Arte22 [2014-07-24 19:13:57 +0000 UTC]
Wszystko tu takie "zapięte", chronione, tulone, intymne, traktowane odświętnie, z namaszczeniem, i z rozczuleniem, że aż oczy jaśnieją...I wchłaniane głębokim oddechem; czy oddechem tęsknoty, czy teraźniejszego przeżywania to już inna rzecz...
Szczęśliwa "konwalia", nad którą tak czule, jak tutaj, pochyla się kobieta. Szczęśliwa "konwalia", nad którą pochyla się kobieta, tak przyozdobiona jak tutaj. I szczęśliwa "konwalia", którą osłania kobieta, jak tutaj ją osłania.

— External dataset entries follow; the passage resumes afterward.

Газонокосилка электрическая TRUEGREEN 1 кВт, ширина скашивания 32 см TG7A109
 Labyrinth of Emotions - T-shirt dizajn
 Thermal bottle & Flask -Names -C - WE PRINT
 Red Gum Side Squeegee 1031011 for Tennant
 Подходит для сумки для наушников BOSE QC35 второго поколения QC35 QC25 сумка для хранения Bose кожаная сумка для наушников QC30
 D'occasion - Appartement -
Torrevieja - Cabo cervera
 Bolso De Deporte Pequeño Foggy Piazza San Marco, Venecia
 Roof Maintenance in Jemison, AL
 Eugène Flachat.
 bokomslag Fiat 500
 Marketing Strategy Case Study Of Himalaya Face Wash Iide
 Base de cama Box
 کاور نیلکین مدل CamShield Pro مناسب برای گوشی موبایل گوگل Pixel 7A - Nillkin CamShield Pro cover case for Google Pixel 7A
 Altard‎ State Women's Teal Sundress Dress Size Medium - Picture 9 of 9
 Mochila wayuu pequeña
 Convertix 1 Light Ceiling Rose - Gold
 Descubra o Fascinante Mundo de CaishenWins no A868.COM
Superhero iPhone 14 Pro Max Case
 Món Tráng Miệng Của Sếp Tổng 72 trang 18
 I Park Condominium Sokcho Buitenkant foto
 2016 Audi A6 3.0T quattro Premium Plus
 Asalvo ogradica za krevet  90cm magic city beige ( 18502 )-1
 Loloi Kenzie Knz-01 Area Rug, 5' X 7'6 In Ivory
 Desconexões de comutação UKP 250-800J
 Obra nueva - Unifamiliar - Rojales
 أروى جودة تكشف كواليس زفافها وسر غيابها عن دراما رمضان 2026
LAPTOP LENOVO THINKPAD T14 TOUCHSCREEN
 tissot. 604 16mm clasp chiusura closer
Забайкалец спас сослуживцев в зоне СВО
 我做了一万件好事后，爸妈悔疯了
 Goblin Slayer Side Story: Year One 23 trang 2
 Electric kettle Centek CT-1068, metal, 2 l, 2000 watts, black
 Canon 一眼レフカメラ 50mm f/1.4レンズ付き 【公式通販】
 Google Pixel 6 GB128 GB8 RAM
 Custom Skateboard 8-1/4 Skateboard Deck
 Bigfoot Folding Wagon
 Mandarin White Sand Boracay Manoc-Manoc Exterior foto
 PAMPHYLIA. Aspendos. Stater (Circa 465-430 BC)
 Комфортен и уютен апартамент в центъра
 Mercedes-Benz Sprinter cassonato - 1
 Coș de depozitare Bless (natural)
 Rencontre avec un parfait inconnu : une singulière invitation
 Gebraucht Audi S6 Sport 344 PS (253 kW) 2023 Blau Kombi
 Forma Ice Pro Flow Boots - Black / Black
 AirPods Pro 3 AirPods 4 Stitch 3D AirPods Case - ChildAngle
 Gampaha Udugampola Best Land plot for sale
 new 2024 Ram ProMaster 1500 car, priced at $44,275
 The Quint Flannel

I jeszcze ta konwaliowa zieleń, która udziela się kobiecej sukience...I jeszcze ta biel, która udziela się tasiemce we włosach kobiety...Wygląda to trochę tak, jakby kobieta nasycała się konwaliowym pięknem, jak by sama stawała się konwaliowym bukiecikiem.
Bardzo piękny obraz...
Zazdroszczę i konwaliom, i pani fotograf (oczywiście zazdroszczę białą, a nie czarną zazdrością).
👍: 0 ⏩: 1
RapidHeartMovement In reply to Arte22 [2014-07-26 17:56:17 +0000 UTC]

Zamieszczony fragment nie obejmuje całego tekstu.